Few people know the significance of the old blue Ford farm tractor stoically sitting in the center of the infield at Merced Speedway.
A baseball cap is permanently mounted to the front of that tractor. It is the same cap Timmy Post wore the last time he drove the tractor. For the past 16 years, different workers have jumped up on the tractor to respond to the disabled race cars – the tractor’s big grappling hook easing the task of separating cars and towing them to the pits.
Post meticulously cared for his cherished tractor, which was a gift given to him by his grandfather, then-speedway promoter Chuck Griffin. The tragic death of Post rocked the Valley’s racing community 17 years ago this July.

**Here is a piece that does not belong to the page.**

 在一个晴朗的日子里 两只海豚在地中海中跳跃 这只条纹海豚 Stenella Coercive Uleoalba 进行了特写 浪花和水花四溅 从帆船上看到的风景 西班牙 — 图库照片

On Saturday night, the tractor will be the centerpiece of the greatest tribute to Atwater’s Post, whose promising life was focused on being a baseball star or a race car driver. Admission to the track is free. There will be live musical entertainment and a large fireworks display. Track promoter Ed Parker hopes to fill the speedway with thousands of fans to celebrate the life of a teenager many felt destined for stardom on the diamonds or ovals of the Valley.
A mother’s sorrow
Kim Barcellos fought back tears as she spoke of the fateful night when she received the call no parent should have to endure. Post, who was helping his grandfather during the Merced County Fair, was heading home at 8 p.m. when he was in a car crash.
“The years have been rough,” Barcellos explains. “But this year is incredibly tough. It is now 17 years since he was 17.”
Barcellos introduced her son Tim to the races before he was born.
“He was there with me when I was pregnant. When my dad Chuck (Griffin) took the track over, the whole family worked there,” she says. “Grandmother Mary Lee Griffin had Tim selling programs at the front gate when he was 10 years old. He ran the scoreboard from the announcer’s booth when he was 12.”
At 13, Post’s grandfather introduced him to the track equipment. He quickly learned to drive the grader, water truck and the beloved Ford tractor.
“Tim was an avid baseball fan, playing catcher in the Atwater Mitchell Senior League right up to the time of the accident. He was a shy boy – until he went to the race track.”
There were 10 memorial races honoring Tim Post in the last 17 years.
“I stopped the memorial races – I just couldn’t do it anymore,” Kim Barcellos explains. “There were new people at the track. Many had not known my son.”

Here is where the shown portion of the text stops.